Meb Faber tweeted an interesting question related to taxes, dividend payers, and the value premium the other day.
I’ll summarize the heart of the question:
How do dividend payers affect the value premium?
Instead of pontificating on the issue, we decided to directly address the question via empirical tests.
Portfolio construction details:
- Construct equally-weighted portfolio each year on June 30th. (use market cap on June 30th, as per the Asness/Frazzini paper).
- Focus on mid/large cap stocks. (Firms’ market cap above the 40th percentile of NYSE firms, excluding financial companies).
- Sort on two measures (1) Book-to-Market (BM) and (2) by firms which paid dividends the prior year.
- Rebalance annually.
Results are gross of fees. All returns are total returns and include the reinvestment of distributions (e.g., dividends). Indexes are unmanaged, do not reflect management or trading fees, and one cannot invest directly in an index.
Important to note is that the universe of non-dividend paying mid/large cap companies is actually fairly small. We start our analysis in 1990 because of this fact. The decile portfolios have ~20+ stocks at around that time period (i.e. 1990–>). Prior to 1990, the decile portfolios only held 5-10 stocks–sometimes fewer–so we do not include those results.
First, we dug into the performance of our book-to-market deciles since 1990 (see figure below) and compare them to the BM deciles obtained from the Ken French Data Library.
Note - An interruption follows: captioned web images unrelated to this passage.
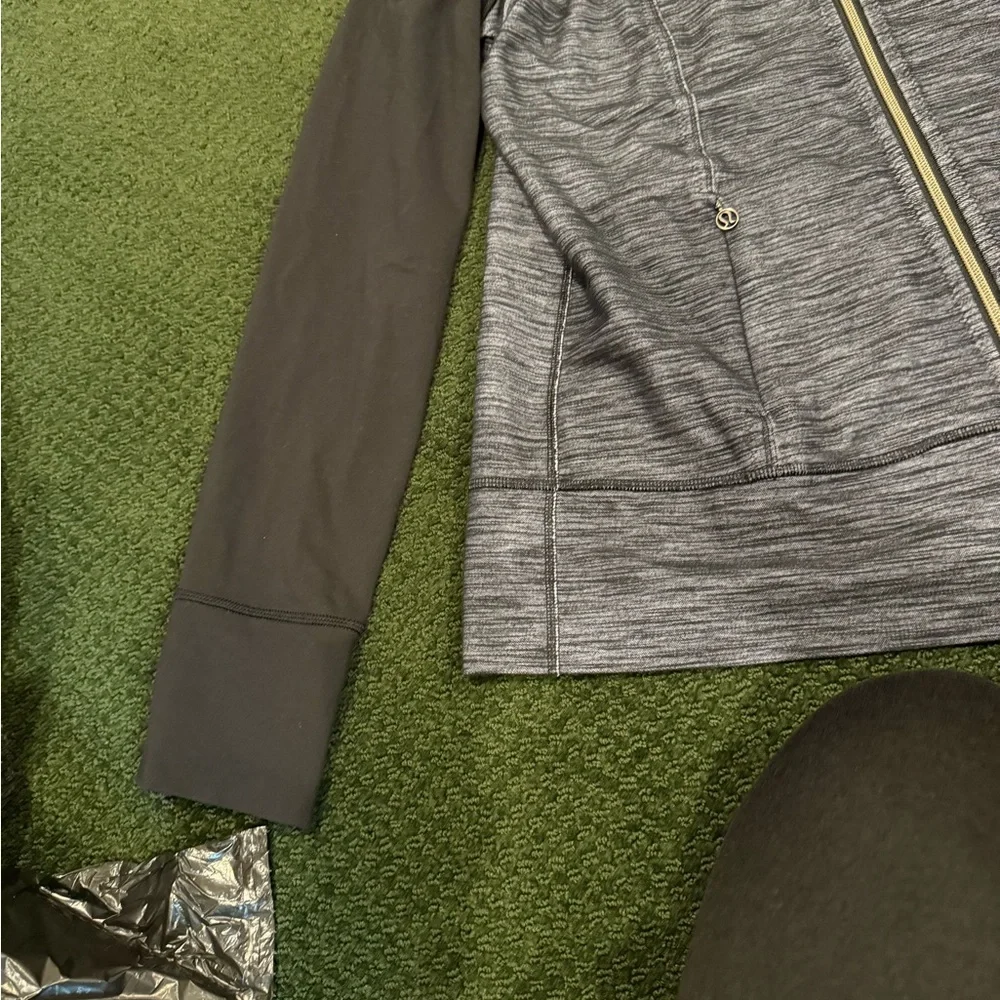 Lululemon Athletica DAILY YOGA JACKET 10 BLACK SLUB DENIM EUC host pick - Picture 4 of 15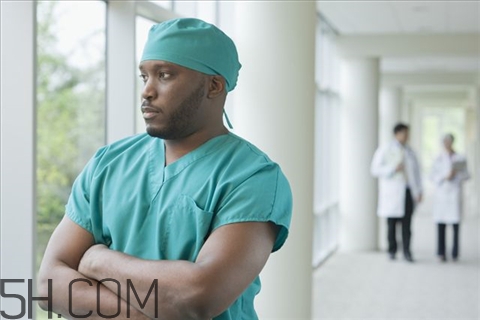 骨折能吃魚嗎？骨折能吃螃蟹嗎？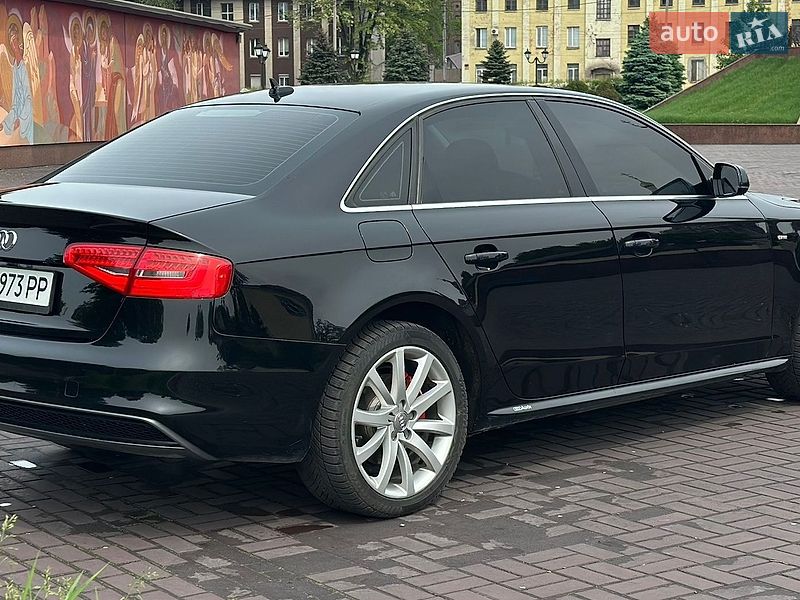 Седан Audi A4 2013 в Дніпрі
The French BM deciles are value-weight across all market caps and use lagged market cap data, which is different than our construction. However, the empirical results below highlight that the distributions are approximately equal, with small differences.
The figure below highlights that BM has been a shoddy way to access the value premium in recent history. This is not too surprising if you follow our blog and our research, which highlights that the king of valuation metrics are enterprise multiples, not BM. Regardless, we’ll stick with BM since that is an academic and practitioner favorite.
Dividend Payers vs. Non-Dividend Payers
Next, we look at how the BM deciles perform across dividend and non-dividend payers.
The decile results divided by dividend payers/non-payers are noisy, but it appears as though the BM version of the value anomaly is driven, at least in part, by dividend paying companies. The deciles are roughly equal across BM for non-payers, but we see a more pronounced compound annual growth rate difference between cheap dividend payers and expensive dividend payers.
Here are the summary statistics over the period analyzed:
- bm1_no dvd = BM, decile 1, non payers
- bm1_dvd = BM, decile 1, payers
- bm10_no dvd = BM, decile 10, non payers
- bm10_dvd = BM, decile 10, payers
Does the BM value measure drive dividend payer/non-payer results?
The analysis above suggests that dividend payers drive the value anomaly, when the value anomaly is measured via book-to-market. But as we highlighted at the outset, BM has never been an effective valuation metric. We understand that it is “famous” and used by huge firms such as DFA, but why use a sub-optimal approach to systematic value-investing in the first place?
The decile splits between dividend payers and non-dividend payers across price-to-earnings (PE) ratios is pictured below:
In contrast to the BM results, which clearly show that dividend payers drive the value anomaly, there doesn’t seem to be a clear cut relationship between the value anomaly and dividend payers when looking at PE ratios. Low PE dividend payers tend to outperform high PE dividend payers by a large amount, but low PE non-payers tend to beat high PE non-payers by a decent amount as well. From an empirical standpoint, it is harder to make the claim that the value anomaly–as measured by PE–is driven by dividend payers. One could say there is “weak” evidence for this claim.
Here are the summary statistics for earnings yield:
- ep1_no dvd = E/P, decile 1, non payers
- ep1_dvd = E/P, decile 1, payers
- ep10_no dvd = E/P, decile 10, non payers
- ep10_dvd = E/P, decile 10, payers
But the next set of results muddy the water even further…
Consider the king of valuation metrics, EBIT/TEV, which is empirically the best-performing metric and one that we use in our own academic and practical work.
The results using enterprise multiples suggest there is weak evidence that non-dividend payers actually drive the value anomaly, which is in direct contrast to the evidence using BM as a valuation metric.
Here are the summary statistics for enterprise yield:
- EBIT1_no dvd = EBIT/TEV, decile 1, non payers
- EBIT1_dvd = EBIT/TEV, decile 1, payers
- EBIT10_no dvd = EBIT/TEV, decile 10, non payers
- EBIT10_dvd = EBIT/TEV, decile 10, payers
- BM is heavily influenced by payment classification and the evidence suggests that dividend payers drive the value anomaly.
- PE is weakly influenced by payment classification and the evidence weakly suggests that dividend payers drive the value anomaly.
- EBIT/TEV is weakly influenced by payment classification and the evidence weakly suggests that dividend non-payers drive the value anomaly.
There is no robust evidence to suggest that dividend paying classification drives the value anomaly in one direction or the other.